A particular point of contention was the phrase ‘interested in’, which appeared in the non-compete clause. The Court of Appeal ruled that ‘interested in’ meant Tillman was not allowed to hold shares in a competing company. It said this was unreasonable.

The Supreme Court agreed, stating ‘the natural construction of the word “interested”, consistent with long-standing authority, is that it covers a shareholding’. However it went on to say that the offending word could be removed from the clause without damaging the rest of the covenant. Consequently, the injunction could be restored.
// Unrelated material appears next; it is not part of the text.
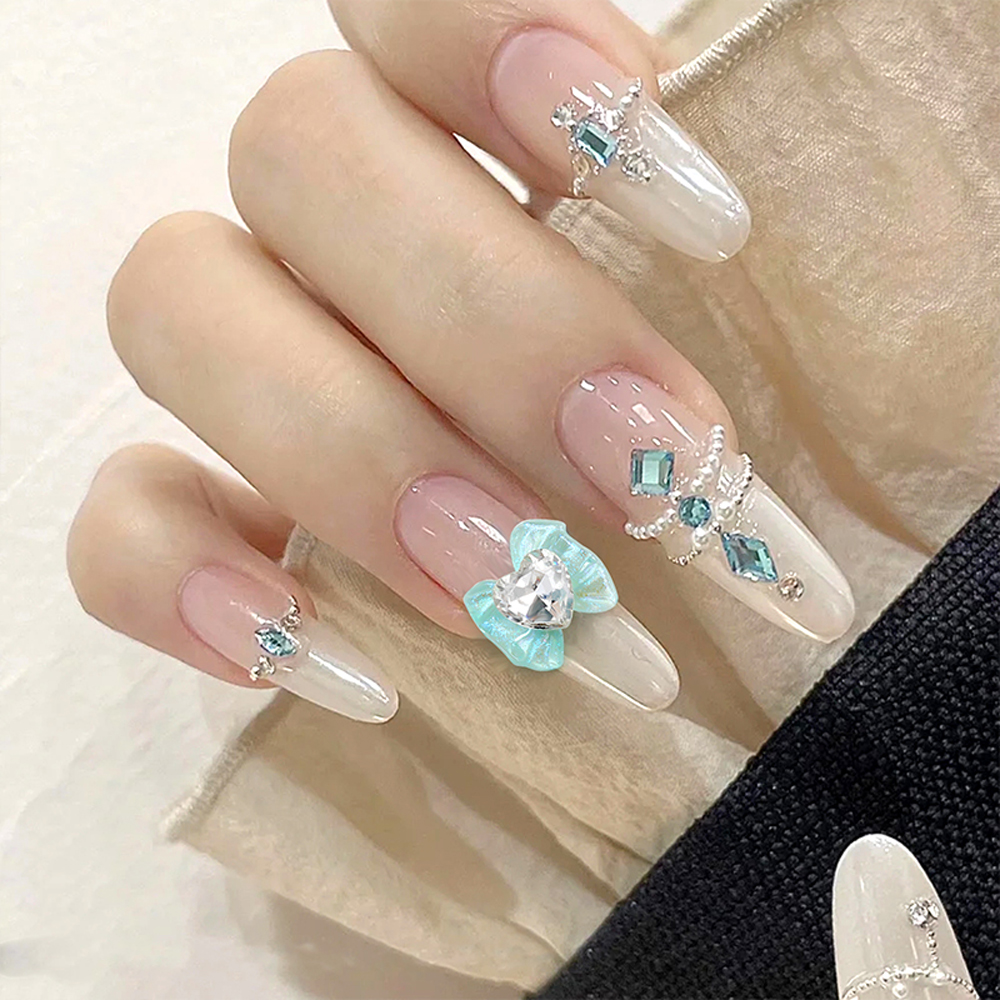 10 Uds. De abalorios para uñas de Sailor Warrior Moon 3D, lazo rosa brillante para niñas, gemas de diamante blanco, diamantes de imitación para uñas, piezas de uñas de japonés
David Lorimer, employment lawyer at international firm Fieldfisher, said: ‘This should be treated as a major victory for employers. The Supreme Court has confirmed that courts will sometimes be prepared to come to the rescue of employers where they have drafted very broad restrictive covenants.’

He added: ‘As always, it is only half the story. The fundamental principle remains that restricting employees from competing when they leave is incredibly difficult to do legally and in practice.’

Michael Anderson, partner at commercial firm Lewis Silkin, said: ‘This is a key decision. But there may be a sting in the tail for employers. Although the Supreme Court has confirmed that the employer in this case could enforce the other parts of its non-compete clause, it indicated that the employer may ultimately be left to pick up a major part of the legal bill.’

James Laddie QC and Adam Solomon QC, instructed by Reynolds Porter Chamberlain LLP, appeared for the appellant; Daniel Oudkerk QC and Amy Rogers, instructed by Simmons & Simmons LLP, for the claimant.